[[ Data section, beginning ]]

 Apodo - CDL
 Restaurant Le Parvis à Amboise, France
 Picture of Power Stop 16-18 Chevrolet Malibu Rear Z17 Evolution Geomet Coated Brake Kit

[[ Data section, end ]]

● **What is required**: You are asked to transcribe the complete data exactly.

● **Output for this task**:
 Apodo - CDL
 Restaurant Le Parvis à Amboise, France
 Picture of Power Stop 16-18 Chevrolet Malibu Rear Z17 Evolution Geomet Coated Brake Kit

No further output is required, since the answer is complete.